What you will do:
Print, in exact form, the lines below from the one containing "Funko Pop! Animation" through the one containing "TC-SOA @ EDDR", and omit all others.

Source material:
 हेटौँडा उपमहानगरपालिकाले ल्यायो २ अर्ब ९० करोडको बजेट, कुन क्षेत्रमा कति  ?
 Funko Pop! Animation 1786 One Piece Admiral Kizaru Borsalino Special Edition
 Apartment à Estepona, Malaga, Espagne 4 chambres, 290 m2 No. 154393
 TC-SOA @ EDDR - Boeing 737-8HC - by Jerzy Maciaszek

---

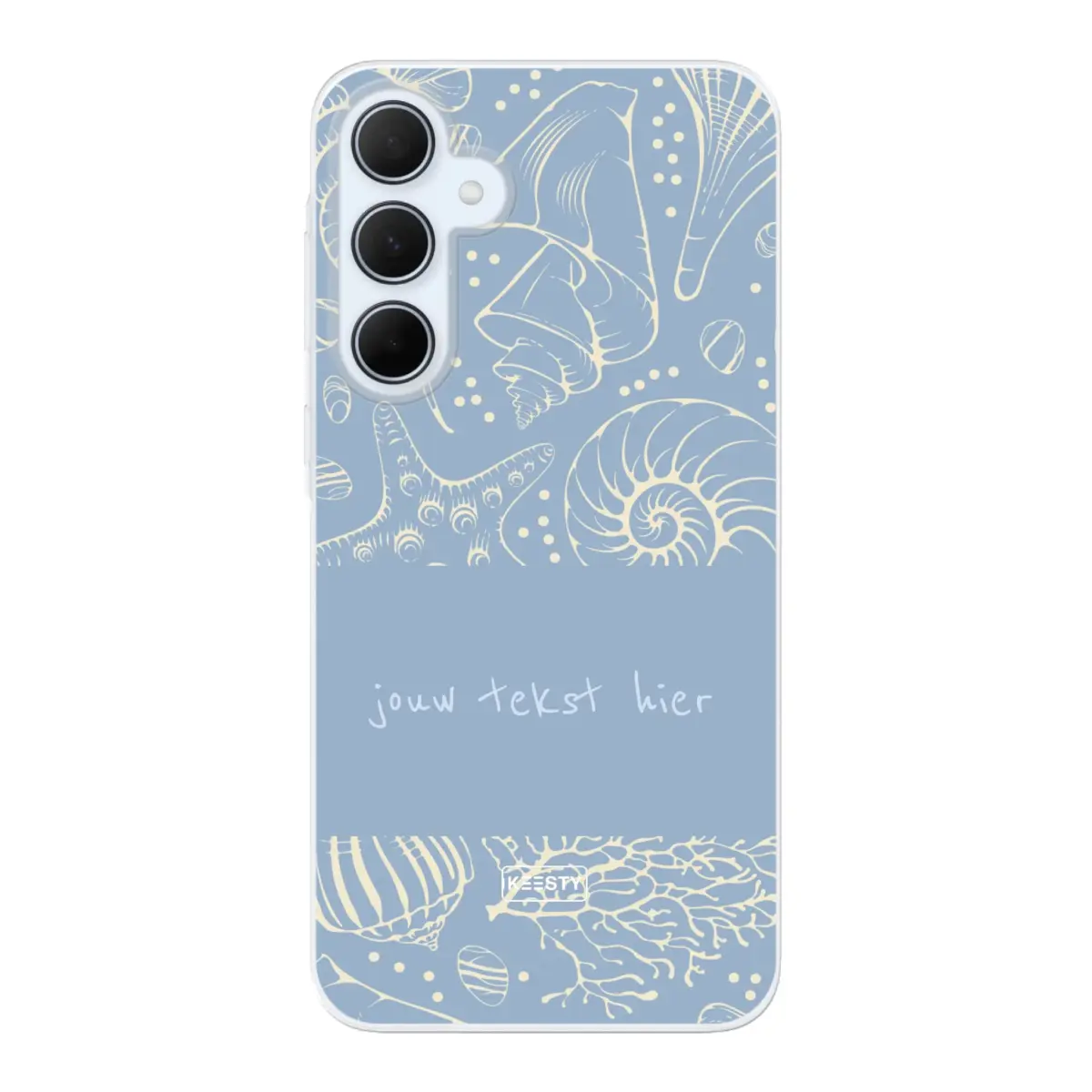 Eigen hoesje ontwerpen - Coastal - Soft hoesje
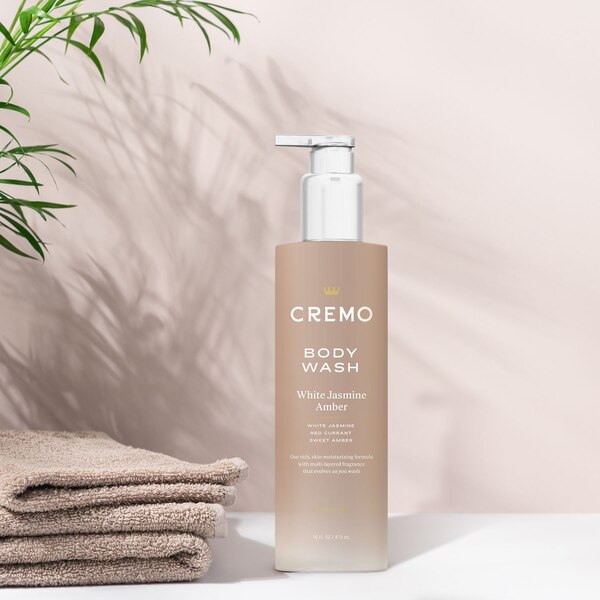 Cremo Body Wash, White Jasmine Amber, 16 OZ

Solution to this exercise:
 Funko Pop! Animation 1786 One Piece Admiral Kizaru Borsalino Special Edition
 Apartment à Estepona, Malaga, Espagne 4 chambres, 290 m2 No. 154393
 TC-SOA @ EDDR - Boeing 737-8HC - by Jerzy Maciaszek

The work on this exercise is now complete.